Halfway up the Gordons’ driveway, Mom says, “This better not be just an excuse to hang out with a boy you have a crush on.”
“If there’s one boy I can promise you I will never have a crush on, it’s him.”
“Good. That’s the right kind of boy to study with.” She stops the car, lets me out. “Stay away from the quarry.”
I walk up to the front door and just stand there, paralyzed. This house. This p
lace. That dark wood, all those windows. Panels of shadowed glass on the door, a crack shaped like a vein running through one of them. It wasn’t there the first night we came. Grace and I went through that doorway together, and maybe the ghosts of who we used to be are still in there.
That night, Grace greeted Adam brightly, all brand-new confidence, walking in ahead of me. I’d wondered if that was what it was like to be the one trailing behind. If the only way one of us could be big was if the other one was small.
I remember thinking, drunkenly, I should check on her and Adam.
And then thinking that I didn’t want to, that she could take care of herself, this once.
I dig my nails into my palms, but pain doesn’t work when you’re numb. I shouldn’t have come here. I turn, but Mom’s gone. I could walk back along the road . . .
But Levi asked for my help and he doesn’t have anyone else.
I climb the steps. It’s just a doorknob. How many doorknobs have I touched in my life? My reflection stares back at me, distorted.
“Joy, are you up front?” Levi’s voice floats over. I grab it, breathe through it like a gas mask. “I’m down by the back porch.”
I circle the house too fast, edging the slash of a shadow it throws on the ground. The porch is built into the hill that goes down toward the trees, toward the quarry. Levi’s halfway up the steps, knees grass-stained, trying to haul a dead-drunk Mr. Gordon up the rest of the way.
“Thank you,” he pants when he sees me.
“I haven’t done anything yet.”
“You came.”
Mr. Gordon’s evil-smelling, barely conscious. His sweatpants look like they haven’t been changed in a week. We hoist him up the steps like we did at the funeral. I’ve got his feet. One’s shoeless and rank. The shoe is on the lawn. I wonder if my shoes are still somewhere in the middle-school field, mangled by the lawn mower.

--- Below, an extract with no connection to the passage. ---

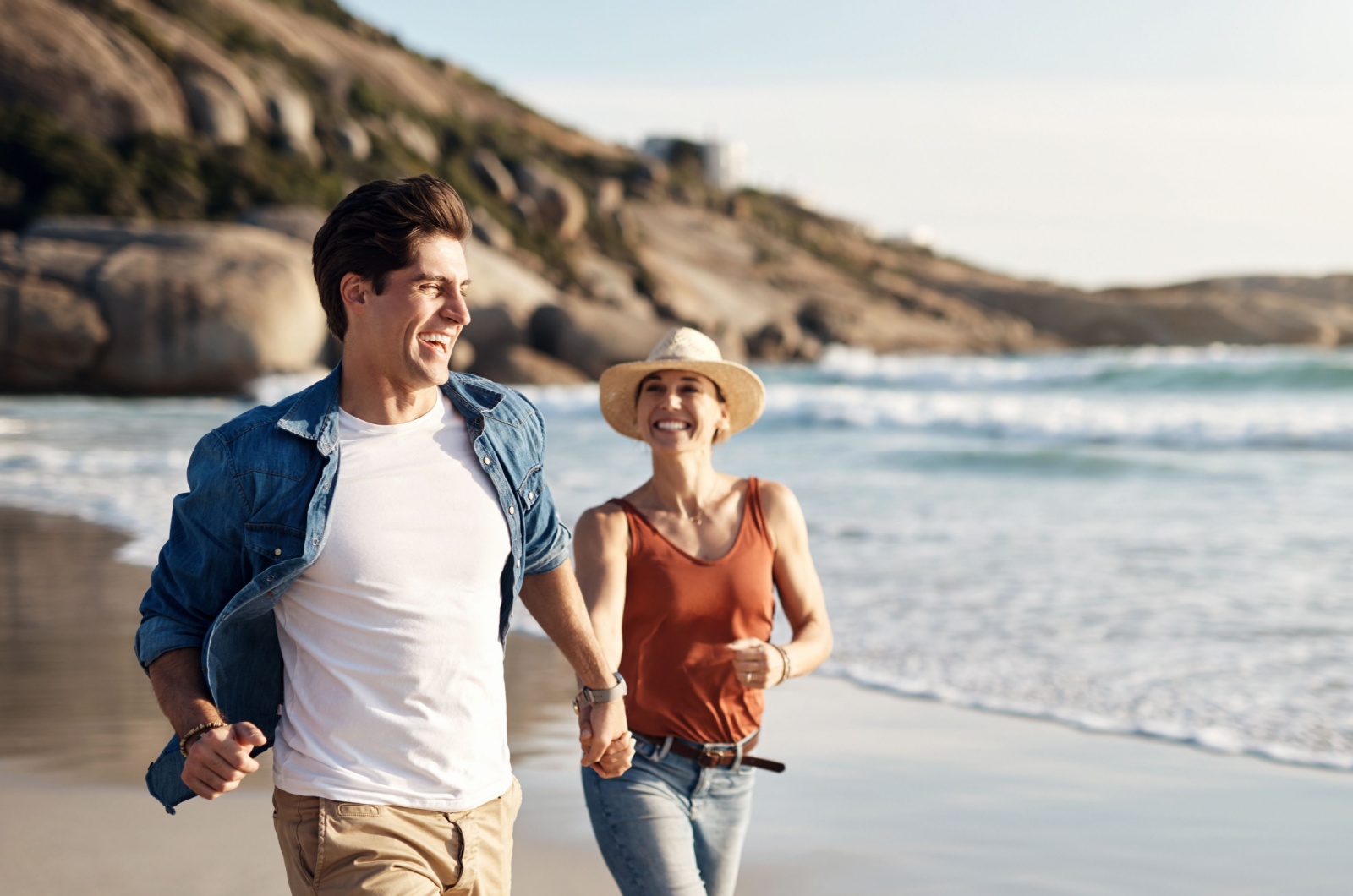 glueckliches Paar laeuft am Strand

Levi wrangles open the door with his elbow. I suck in the alcohol fumes, focus on them, blot out the fact that I’m inside, inside, the house. It’s ugly dark, the shades drawn.
I can’t break. I’m carrying a man up a staircase.
If I thought being in this house would jog my memory, I was wrong. The only memories it’s bringing up are— Don’t think about it.
I’m getting good at not thinking. The key’s not giving your brain any fuel or rest, and drowning it in alcohol the rest of the time. Mr. Gordon and I know that.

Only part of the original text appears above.